── Information supplied ──
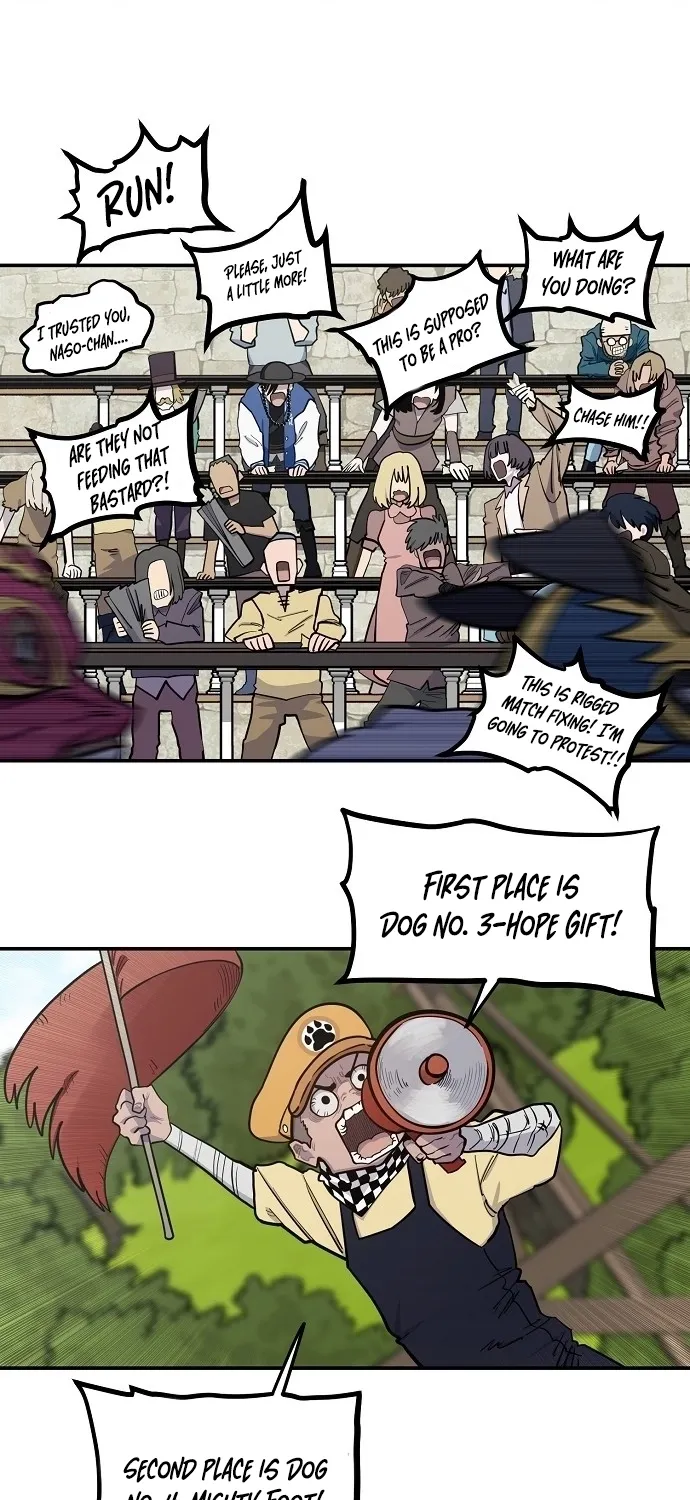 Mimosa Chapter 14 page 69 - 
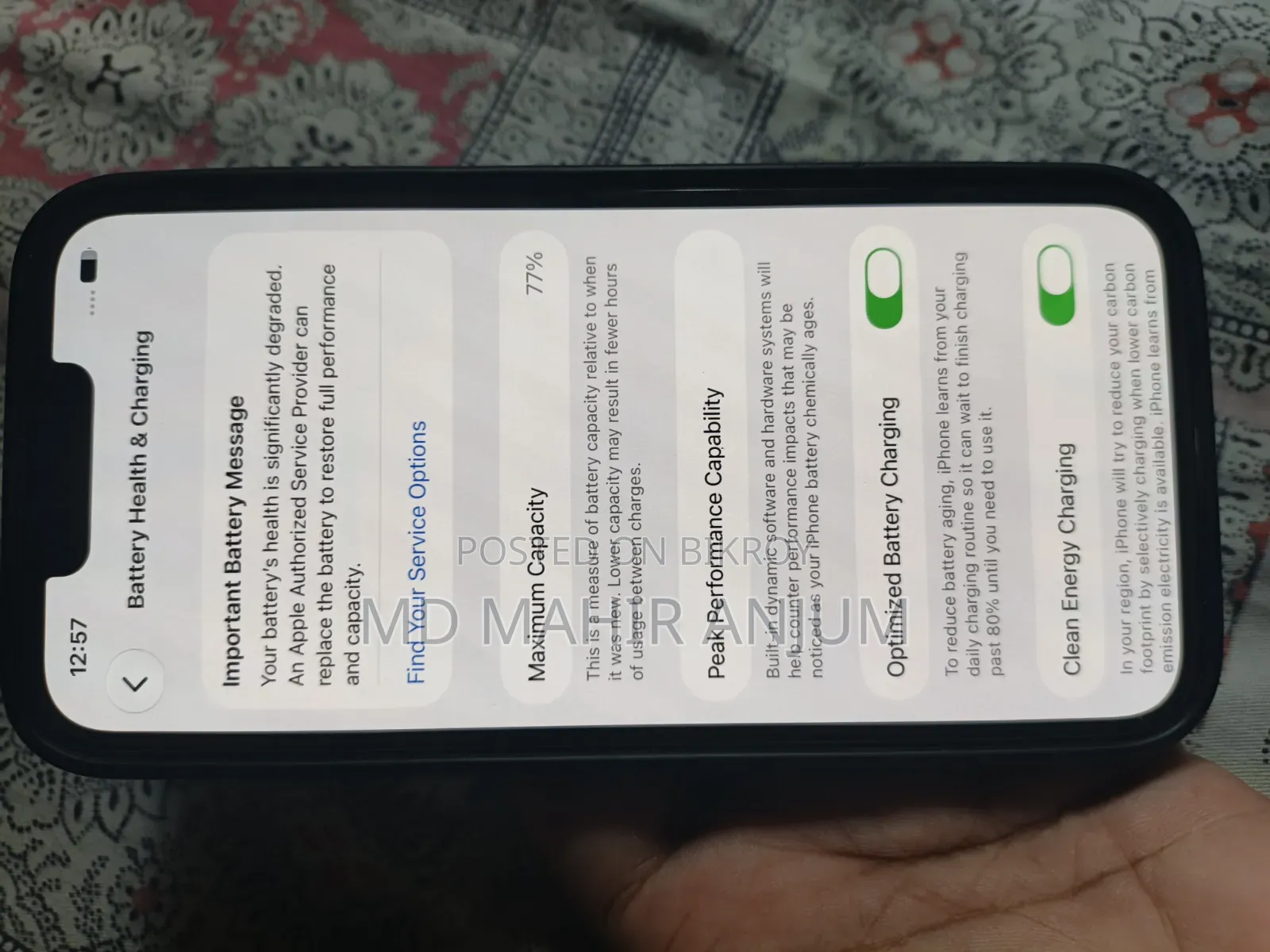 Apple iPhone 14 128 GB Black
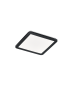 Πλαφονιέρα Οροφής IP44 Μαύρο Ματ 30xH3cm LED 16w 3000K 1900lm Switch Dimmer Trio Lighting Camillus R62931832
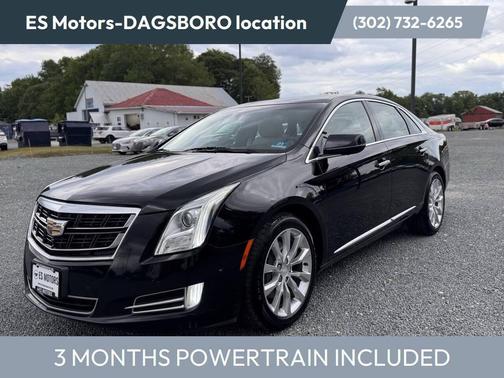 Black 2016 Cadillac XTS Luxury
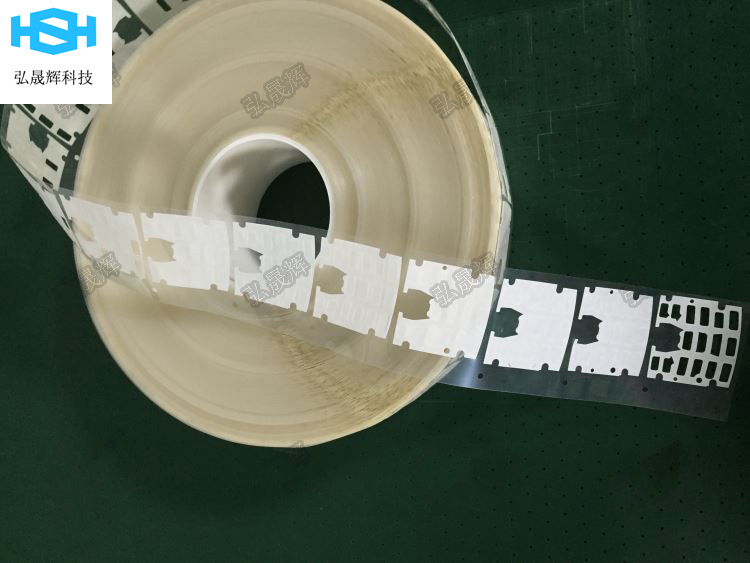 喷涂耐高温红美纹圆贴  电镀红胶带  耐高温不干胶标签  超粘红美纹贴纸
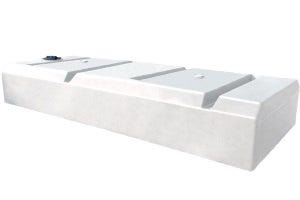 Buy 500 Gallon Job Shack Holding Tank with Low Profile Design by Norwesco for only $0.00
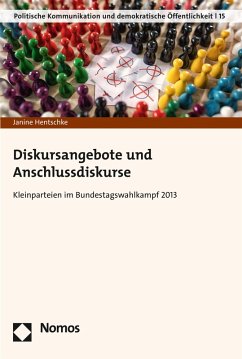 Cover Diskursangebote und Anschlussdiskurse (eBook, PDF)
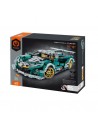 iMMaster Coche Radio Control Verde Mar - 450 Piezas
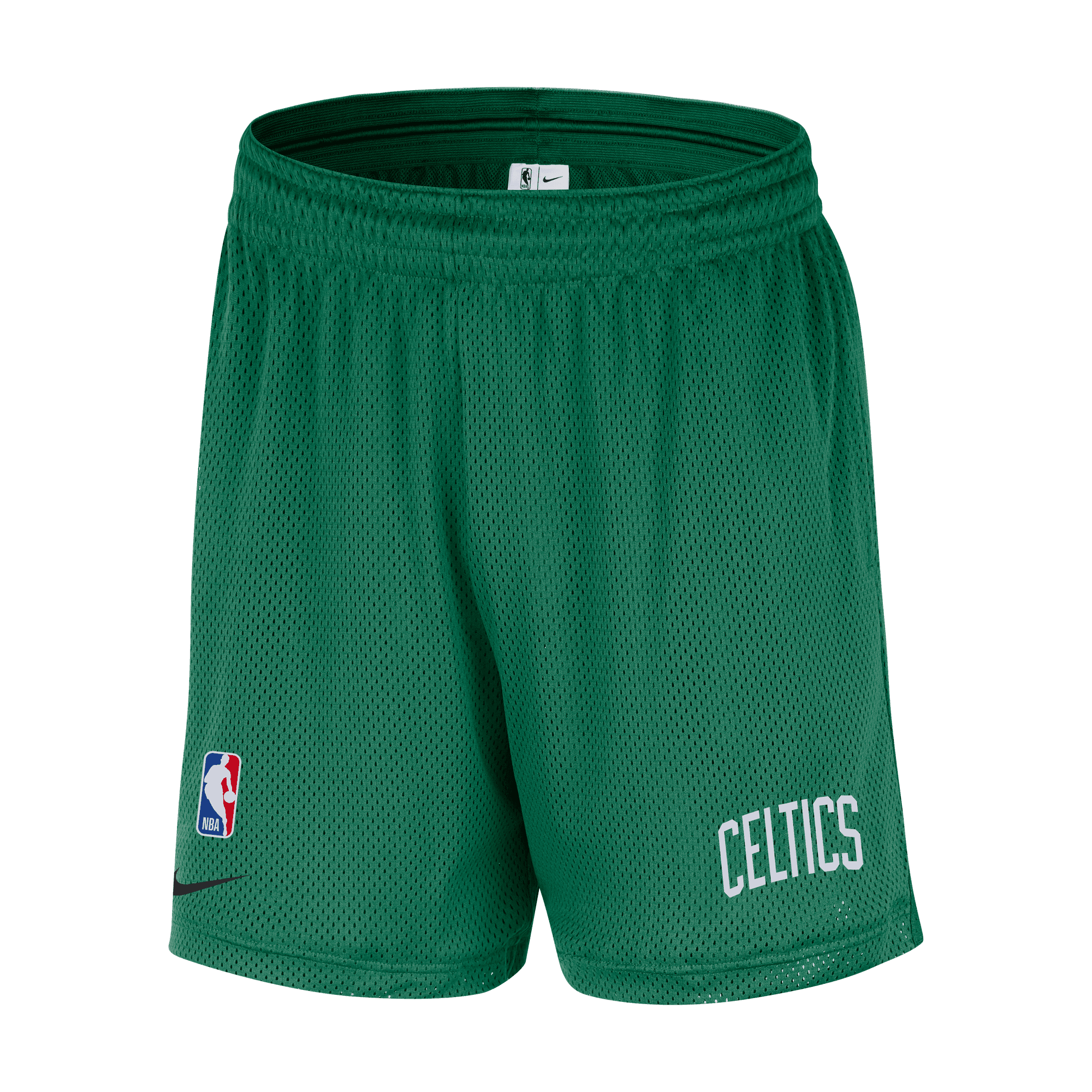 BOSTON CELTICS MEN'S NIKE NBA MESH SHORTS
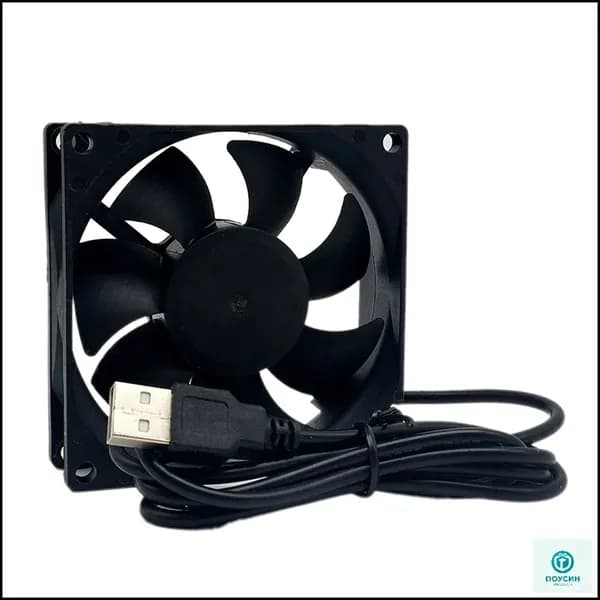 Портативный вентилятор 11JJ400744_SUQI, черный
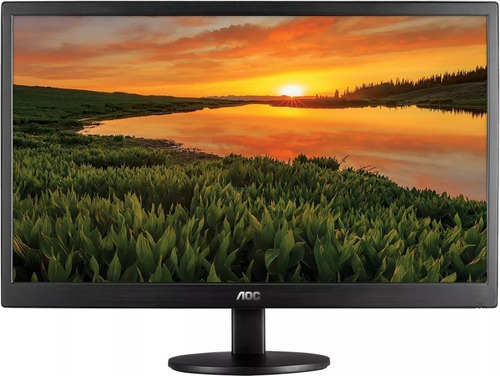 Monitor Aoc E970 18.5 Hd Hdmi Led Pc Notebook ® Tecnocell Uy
───
After removing the pictures, repeat the remaining records exactly.

 Mimosa Chapter 14 page 69 - 
 Apple iPhone 14 128 GB Black
 Πλαφονιέρα Οροφής IP44 Μαύρο Ματ 30xH3cm LED 16w 3000K 1900lm Switch Dimmer Trio Lighting Camillus R62931832
 Black 2016 Cadillac XTS Luxury
 喷涂耐高温红美纹圆贴  电镀红胶带  耐高温不干胶标签  超粘红美纹贴纸
 Buy 500 Gallon Job Shack Holding Tank with Low Profile Design by Norwesco for only $0.00
 Cover Diskursangebote und Anschlussdiskurse (eBook, PDF)
 iMMaster Coche Radio Control Verde Mar - 450 Piezas
 BOSTON CELTICS MEN'S NIKE NBA MESH SHORTS
 Портативный вентилятор 11JJ400744_SUQI, черный
 Monitor Aoc E970 18.5 Hd Hdmi Led Pc Notebook ® Tecnocell Uy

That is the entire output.